Problemy przewoźnika
Na początku lutego „Rzeczpospolita” informowała, że straty LOT-u mogą wynieść ok. 500 mln. zł. Na samych transakcjach zabezpieczających na paliwo narodowy przewoźnik miał stracić w ubiegłym roku 300 milionów zł. Prezes LOT-u Dariusz Nowak pytany wówczas przez Polską Agencje Prasową o poniesione przez spółkę straty z tego tytułu, odparł, że ich oszacowanie znajdzie się w sprawozdaniu finansowym spółki. - Ale na grudzień 2008 r. wycena tych instrumentów - a nie suma strat - wyniosła minus 120 mln dolarów - podkreślił.
Paliwo do prokuratury
Na czym polegały kłopotliwe dla LOT-u transakcje? Firmy lotnicze kupują paliwo po określonych wcześniej cenach, by w ten sposób zabezpieczyć się przed gwałtownym ich wzrostem. Tak robił też LOT. W połowie 2008 r. przewoźnik "zaklepał" sobie dostawy paliwa na dwa lata naprzód po ustalonej cenie. Za baryłkę ropy płacono wtedy ok. 140 dol., ale eksperci prognozowali, że ceny mogą wzrosnąć nawet do 200 dol. Tak się jednak nie stało. Przeciwnie - w drugiej połowie roku notowania ropy zaczęły wyraźnie spadać i dziś są ponad trzykrotnie niższe. LOT musi jednak płacić cenę, którą ustalił w zeszłym roku. Tak przynajmniej twierdzą związkowcy firmy.
W odpowiedzi na te zarzuty LOT zastrzegł, że mimo podpisanych umów kupuje paliwo po cenach rynkowych, tylko "kontrakty generują ujemne przepływy pieniężne i powodują wzrost realnych wydatków na paliwo". W styczniu związkowcy złożyli jednak do prokuratury zawiadomienie o "podejrzeniu popełnienia przestępstwa przez przewoźnika w sprawie kontraktów na zakup paliwa".
Opcje walutowe pomogły?
Jednocześnie media spekulują na temat inwestycji LOT-u w opcje finansowe. Również w tej sprawie związkowcy NSZZ "Solidarność" z LOT-u zwrócili się do zarządu z pytaniem, czy spółka zawierała z bankami takie umowy. Jan Kreczmar, dyrektor komunikacji korporacyjnej z LOT potwierdził TVN24, że firma posiadała opcje walutowe. - Nie jest to jakaś istotna część operacji finansowych firmy – zapewnia jednak. - Możemy nawet powiedzieć, że mamy wycenę dodatnią na koniec ubiegłego roku – dodaje.

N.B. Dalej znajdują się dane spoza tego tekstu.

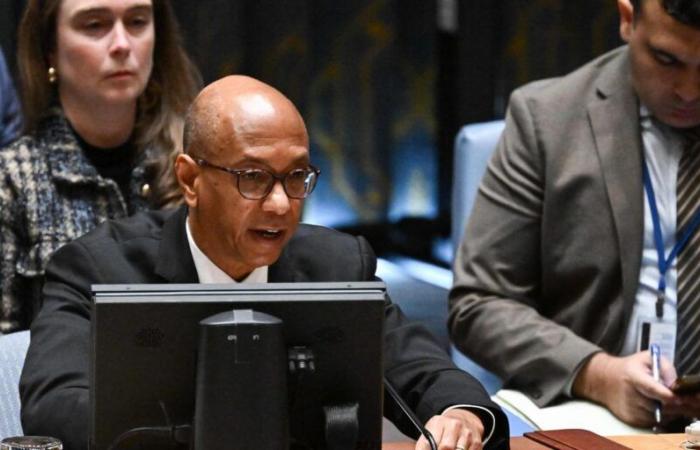 davanti al Consiglio di Sicurezza dell’ONU, gli Stati Uniti pongono il veto al cessate il fuoco a Gaza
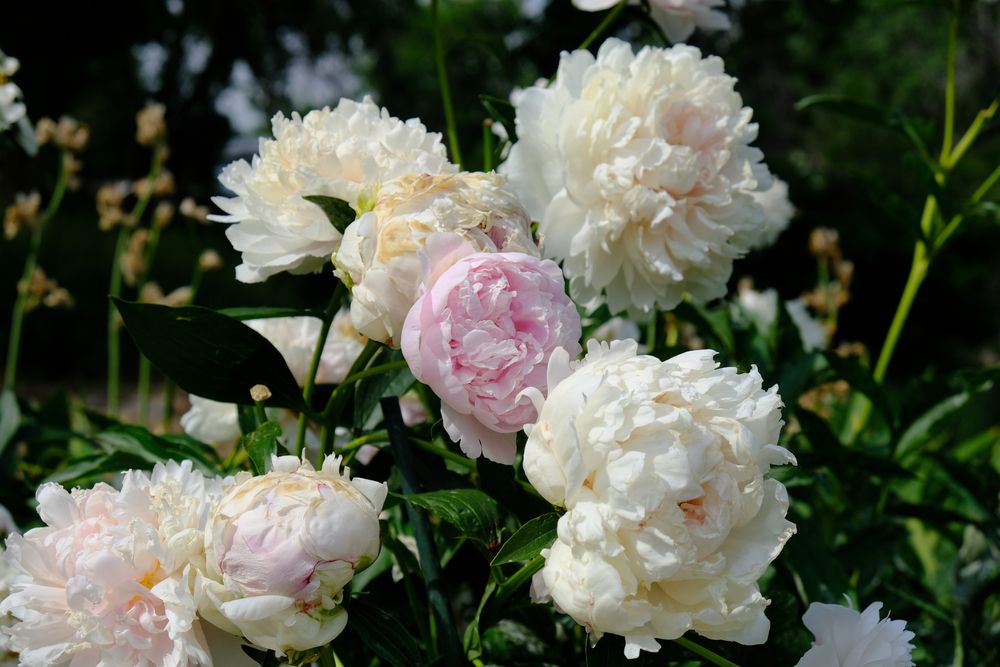 Beautiful flowers at Kendrick Lake Park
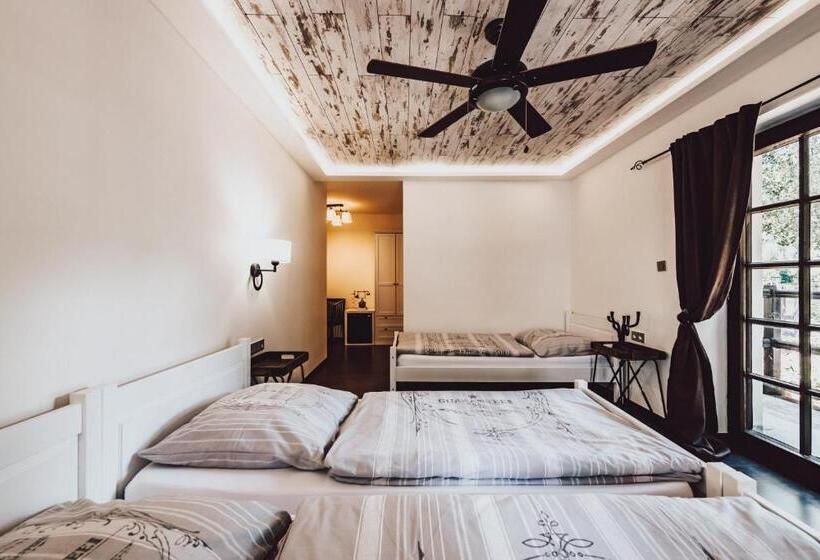 Трехместный Номер Deluxe, Resort Mlýn černovice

Zdaniem jednego z wysoko postawionych menedżerów firmy, na złą sytuację nałożyły się m.in. błędne decyzje gospodarcze, jak uruchomienie połączenia z Pekinem bez odpowiedniego przygotowania. Nie bez znaczenia jest również opóźnienie w dostawie nowego Boeinga dla LOT-u. – Jednak przede wszystkim do fatalnej sytuacji przyczyniło się upolitycznienie spółki i obsadzenie władz ludźmi, którzy nie mają pojęcia o lotnictwie – komentuje anonimowo. W ostatnich trzech latach prezesi wymieniali się kilkakrotnie.
Program naprawczy
W sierpniu ubiegłego roku prezes Dariusz Nowak przedstawił program naprawczy firmy. Zakładał on m.in. likwidację części połączeń lotniczych oraz dostosowanie do realnych prognoz popytu i sezonowości. Zdecydowano się na wstrzymanie lotów na trasach Warszawa – Pekin, Wrocław – Bruksela, Warszawa – Kaliningrad, Warszawa – Hanower, zmniejszono częstotliwość innych lotów.
Jednocześnie władze firmy rozmawiają ze związkami zawodowymi na temat zwolnień grupowych. Przewodnicząca Związku Zawodowego Personelu Pokładowego PLL LOT Elwira Niemiec poinformowała dziennikarzy, że oficjalne zawiadomienie o planowanych zwolnieniach grupowych pracodawca przesłał 29 stycznia. Nie podał jednak, ilu pracowników chce zwolnić. Niemiec powiedziała Informacyjnej Agencji Radiowej, że zwolnienia miałyby dotyczyć ponad 40 kategorii stanowisk w administracji - od kierowników biur i działów po sekretarki. Dodała, że piloci i stewardessy nie byli wymienieni w piśmie, ale około 50 osób z tych grup straciło pracę w ubiegłym roku.
Co dalej ?
Rynek spekuluje na temat możliwych scenariuszy rozwoju sytuacji. Ministerstwo Skarbu Państwa planuje umożliwienie jeszcze w tym roku uczestnictwa prywatnego inwestora w akcjonariacie PLL LOT, a więc wprowadzenie dodatkowego współudziałowca. Nieoficjalnie mówi się o Lufhansie oraz bogatych liniach lotniczych z krajów arabskich oraz Azji. Jednak część ekspertów uważa, że LOT jest w tak kiepskiej sytuacji, że bez odpowiedniego wsparcia od rządu trudno będzie znaleźć jakiegolowiek inwestora.
Obecnie Skarb Państwa ma 67,97 proc. akcji przewoźnika. Pozostałe akcje są w rękach syndyka Swissaira, byłego inwestora w LOT, poprzez spółkę SAirLines B.V. (25,1 proc.) oraz pracowników (6,93 proc.)